Fundamentalmente creio que cada indivíduo que forma uma sociedade (no caso a brasileira) precisa pensar em tirar a bunda da poltrona de frente da televisão ou da internet e pesquisar o que anda sendo feito por aí. Não podemos pensar no espectador de uma forma passiva nem quando estamos realizando um filme nem quando pensamos em mostra-lo. O espectador deve ser mais ativo, tanto ao ver um filme (reconstruindo-o particularmente) quanto em saber buscar o que ver (não simplesmente aceitando passivamente o que lhe é oferecido)

Você acredita que o circuito exibidor brasileiro contempla a diversidade da produção nacional? Você crê que o lançamento comercial seria o formato de distribuição mais adequado para exibir os seus filmes?

Não creio que este circuito contemple a diversidade da produção nacional. Pelo contrário! Acho que o lançamento dos filmes nos cinemas das cidades (ou seja, no dito circuito comercial) é para mim uma questão romântica. Tenho nostalgia da pipoca e do lanterninha. Tenho nostalgia do cinema de rua, da atordoante visão da realidade da rua logo após a saída de um bom filme. Mas sou também totalmente aberto as novas formas de exibição, seja nas ruas, nos museus, em salas arrojadas e sofisticadas etc. Tenho apenas bastante preguiça dos cinemas de shopping centers.

Acho que uma obra de arte prolonga-se na alma, perdura dentro da gente após o seu "término". O momento após um filme é ainda o filme dentro da gente. É o 'outro' (o filme) atuando no sujeito, momento sublime de transcendência.

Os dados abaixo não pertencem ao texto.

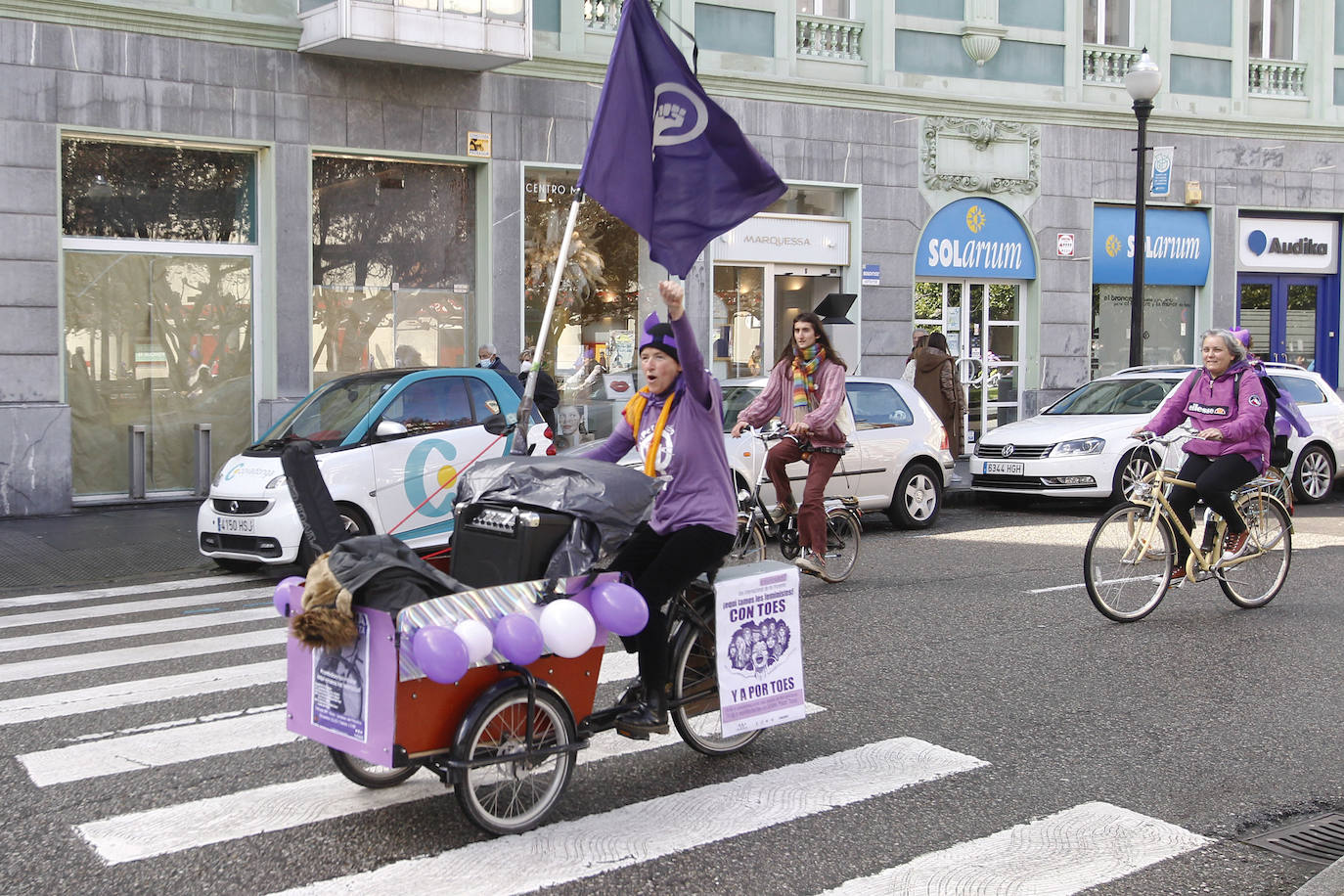 Subidas en sus bicicletas, las feministas de Gijón han recorrido las calles de la ciudad a tres días del 8-M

E nos corredores de um shopping center perco minha noção de sujeito, torno-me um objeto a mais entre vitrines que me multiplicam até a náusea.

Dito isso respondo a sua pergunta dizendo que o lugar ideal que quero que meus filmes sejam vistos sejam aqueles lugares que respeitem o espectador, a peculiaridade e graça da diferença de cada um, misterioso cantinho (dentro de cada espectador) onde os filmes vão se alongar, desdobrando-se ao infinito.